Source: Journal of Research on Technology in Education, 42(3), 309–328. (2010)
(Reviewed by the Portal Team)
Despite three decades of advances in information and communications technology (ICT) and a generation of research on cognition and new pedagogical strategies, the field of assessment has not progressed much beyond paper-and-pencil item-based tests. Research has shown these instruments are not valid measures of sophisticated intellectual performances.
In this article, the authors present a model for how technology can provide more observations about student learning than current assessments. To illustrate this approach, the authors describe their early research on using immersive technologies to develop virtual performance assessments.
The authors are using the Evidence Centered Design (ECD) framework (Mislevy, Steinberg, & Almond, 2003) to develop interactive performance assessments for measuring scientific inquiry that are more reflective of the situative, complex performances that scientists and scholars expert in inquiry learning call for students to master.
ECD is a comprehensive framework that contains four stages of design:
1. Phase 1: domain analysis
2. Phase 2: domain modeling
3. Phase 3: conceptual assessment framework and compilation
4. Phase 4: delivery architecture
Phases 1 and 2 focus on the purposes of the assessment, nature of knowing,
and structures for observing and organizing knowledge.
Phase 3 is related to the Assessment Triangle. In this stage, assessment designers focus on the student model (what skills are being assessed), the evidence model (what behaviors/performances elicit the knowledge and skills being assessed), and the task model (what situations elicit the behaviors/ evidence). In the compilation stage of Phase 3, tasks are created. The purpose is to develop models for schema-based task authoring and developing protocols for fitting and estimation of psychometric models.

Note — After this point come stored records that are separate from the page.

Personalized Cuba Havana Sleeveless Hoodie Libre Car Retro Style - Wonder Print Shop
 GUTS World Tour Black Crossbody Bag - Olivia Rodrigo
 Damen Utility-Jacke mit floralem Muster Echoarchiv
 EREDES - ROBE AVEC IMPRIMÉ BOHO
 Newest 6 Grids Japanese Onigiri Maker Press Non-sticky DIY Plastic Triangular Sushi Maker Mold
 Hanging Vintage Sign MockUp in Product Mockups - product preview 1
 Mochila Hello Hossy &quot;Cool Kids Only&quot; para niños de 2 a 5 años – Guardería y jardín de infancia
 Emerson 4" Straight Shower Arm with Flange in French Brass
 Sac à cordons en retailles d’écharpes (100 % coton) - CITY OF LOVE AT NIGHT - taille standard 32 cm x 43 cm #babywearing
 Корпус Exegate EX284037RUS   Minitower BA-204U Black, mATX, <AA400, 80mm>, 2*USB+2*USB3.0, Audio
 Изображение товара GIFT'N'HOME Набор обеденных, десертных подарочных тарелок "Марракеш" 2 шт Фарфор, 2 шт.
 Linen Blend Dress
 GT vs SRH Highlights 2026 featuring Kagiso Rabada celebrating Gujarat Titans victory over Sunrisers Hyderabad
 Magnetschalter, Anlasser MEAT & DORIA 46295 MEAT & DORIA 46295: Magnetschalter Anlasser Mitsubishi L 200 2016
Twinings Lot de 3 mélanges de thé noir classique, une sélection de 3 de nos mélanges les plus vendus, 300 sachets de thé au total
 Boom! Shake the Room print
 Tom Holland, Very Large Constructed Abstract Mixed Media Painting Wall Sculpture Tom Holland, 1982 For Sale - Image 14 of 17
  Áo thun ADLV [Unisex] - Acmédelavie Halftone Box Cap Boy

Phase 4, the delivery architecture, focuses on the presentation and scoring of the task (Mislevy et. al. 2003, Mislevy & Haertel, 2006).
The assessments that the authors are creating will complement rather than replace existing standardized measures by assessing skills not possible via item-based paper-and-pencil tests or hands-on real-world performance assessments.
One of the advantages of developing virtual assessments is that they will alleviate the need for extensive training for administering tasks. It is difficult to standardize the administration of paper-based performance assessments, and extensive training is required to administer the tasks. With virtual assessments, we can ensure standardization by delivering instruction automatically via the technology.
A second advantage is that virtual assessments alleviate the need for providing materials and kits for hands-on tasks. Everything will be inside the virtual environment.
Third, these performance assessments will be easier to administer and will require very little, if any, training of teachers. Scoring will all be done behind the scenes; there will be no need for raters or training of raters.
Fourth, virtual assessments would alleviate safety issues and inequity due to lack of resources.
In their work in developing virtual inquiry curricula, the authors developed the ability to simulate the passing of time, to allow students to collect data on change over time, and to conduct experiments where time can be fast-forwarded. These capabilities allow for rich learning experiences and the ability to conduct experiments that may take too much time to use for learning or assessment purposes.
References
Mislevy, R., & Haertel, G. (2006). Implications of evidence-centered design for educational testing (Draft PADI Technical Report 17). Menlo Park, CA: SRI International.
Mislevy, R. J., Steinberg, L. S., & Almond, R. G. (2003). On the structure of educational assessments. Measurement: Interdisciplinary Research and Perspectives, 1, 3–62.